Distribution based on specimens

Loading map...

The above specimen data are provided by AntWeb. Please see Rasopone minuta for further details

Habitat

The female was collected in a tropical forest. The possible worker was collected in disturbed tropical rain forest at 740 meters elevation. Specimens from Venezuela were collected in a cloud forest habitat. (Mackay and Mackay 2010)

Biology

Castes

Nomenclature

The following information is derived from Barry Bolton's New General Catalogue, a catalogue of the world's ants.

  • minuta. Pachycondyla minuta Mackay & Mackay, 2010: 463, figs. 91, 97, 100, 181, 585 (w.q.) MEXICO. Combination in Rasopone: Schmidt & Shattuck, 2014: 210.

Unless otherwise noted the text for the remainder of this section is reported from the publication that includes the original description.

Description

Worker

Unknown. A possible worker was collected in Guatemala, which has 7 mandibular teeth and otherwise appears similar to the holotype female, but the petiole is rectangular-shaped, not narrowed dorsally as in the female. It is 4.5 mm long, larger than the female. The anterior border of the clypeus lacks the two lateral angulate processes. These latter two characteristics suggest they are not conspecific.

Queen

The female is a tiny (total length 4 millimeters) ferrugineous red specimen. The mandible has 7 teeth. The anterior border of the clypeus is broadly convex, but the medial region is concave and surrounded by two angulate processes. The head length is 0.98 mm; the head width is 0.85 mm. The sides of the head are nearly straight and nearly parallel, the posterior border is slightly concave. The eye is large (maximum diameter 0.16 mm) located less than 1 diameter from the anterior margin of the head (side view). The antennal scapes are short (0.65 mm) and fail to reach the posterior lateral corners by nearly the first funicular segment. The ocelli are small (maximum diameter 0.04 mm) located about four diameters from the lateral ocellus. The pronotum is swollen at the shoulder but does not form a carina. The propodeal spiracle is circular and the lateral edge of the propodeum forms a carina. The anterior face of the petiole is nearly straight and meets the broadly rounded posterior face near the anterior edge, but the medial portion of the posterior face forms a poorly defined dorsal face. The subpetiolar process is well developed and consists of a broad elongated lobe, which forms a pointed flange posteriorly. The anterior face of the postpetiole is slightly concave and is strongly angulate where it meets the dorsal face. The stridulatory file is absent on the second pretergite, as are the arolia between the tarsal claws.

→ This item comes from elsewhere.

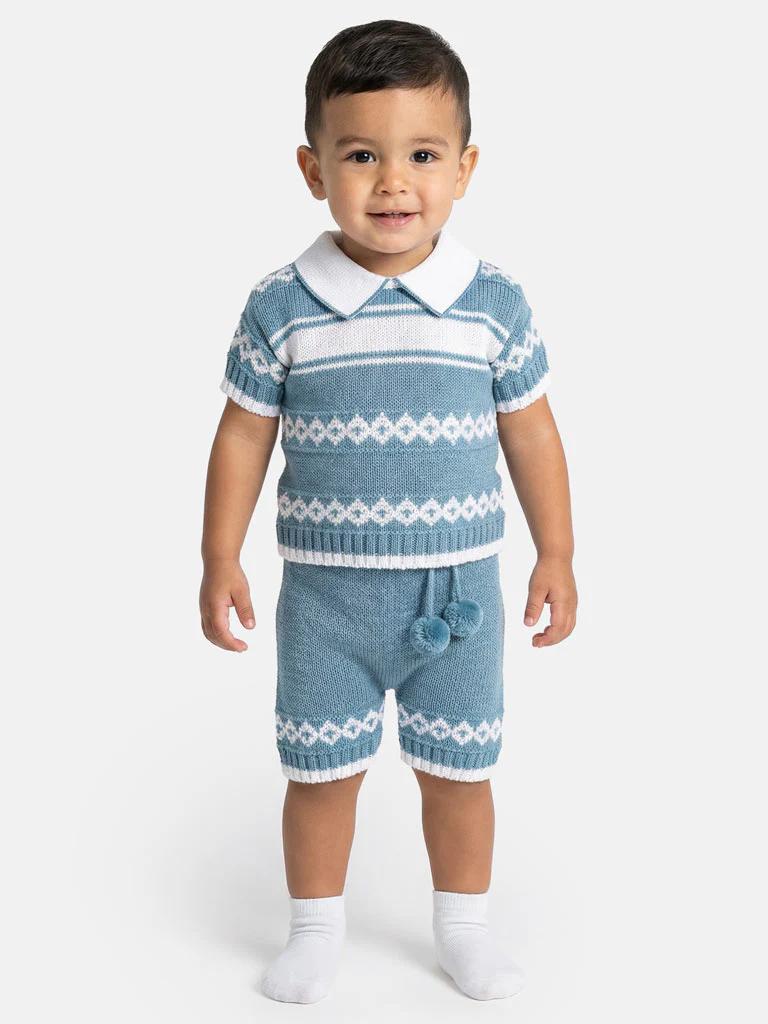 Pedro Spanish 2 Piece Knitted Set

Erect hairs (0.25 mm) are present on the clypeus and the gaster; shorter erect hairs (0.05 - 0.10) are present on the mandibles, dorsal and ventral surfaces of the head, dorsum of the mesosoma, posterior face of the propodeum, dorsum of the petiole and all surfaces of the gaster. Golden appressed to suberect pubescence is present on the head, mesosoma, anterior and posterior faces of the petiole, subpetiolar process and all faces of the gaster.

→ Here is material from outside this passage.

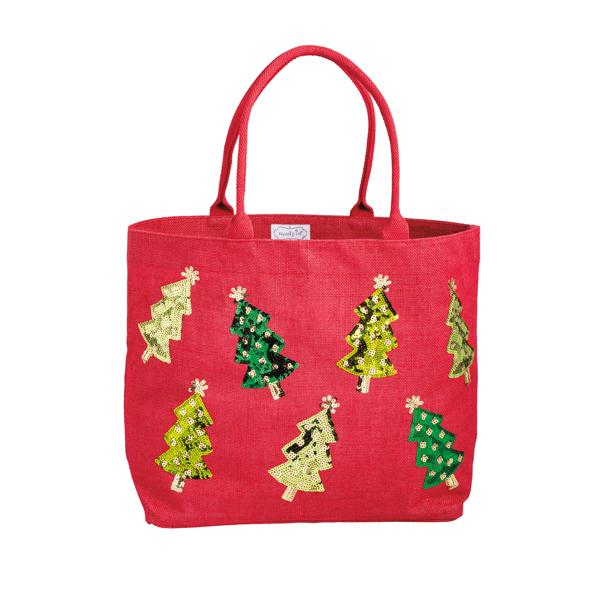 Christmas Tree Sparkle Tote Seasonal Mudpie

The mandibles are moderately smooth and glossy with scattered punctures and weak evidence of striae, the head is densely and evenly, but finely punctate, as are the antennal scapes, the dorsum of the mesosoma has similar sculpture, the sides of the mesosoma, including the mesopleuron, are dull, with poorly defined striae, the petiole is dull with poorly defined striae, the posterior face is smooth and polished, the gaster is finely punctate and weakly shining.

Male

Males are not known for this species.

Type Material

Mex, Chis. 10kW Palenque. Holotype female (Museum of Comparative Zoology)

Etymology

From Latin, minuta meaning small, referring to the size of the possible worker and the female.

References

  • Mackay, W. P., and E. E. Mackay 2010. The Systematics and Biology of the New World Ants of the Genus Pachycondyla (Hymenoptera: Formicidae). Edwin Mellon Press, Lewiston. Information from this publication is used with permission from the authors.
  • Schmidt, C.A. & Shattuck, S.O. 2014. The higher classification of the ant subfamily Ponerinae (Hymenoptera: Formicidae), with a review of ponerine ecology and behavior. Zootaxa. 3817, 1–242 (doi:10.11646/zootaxa.3817.1.1)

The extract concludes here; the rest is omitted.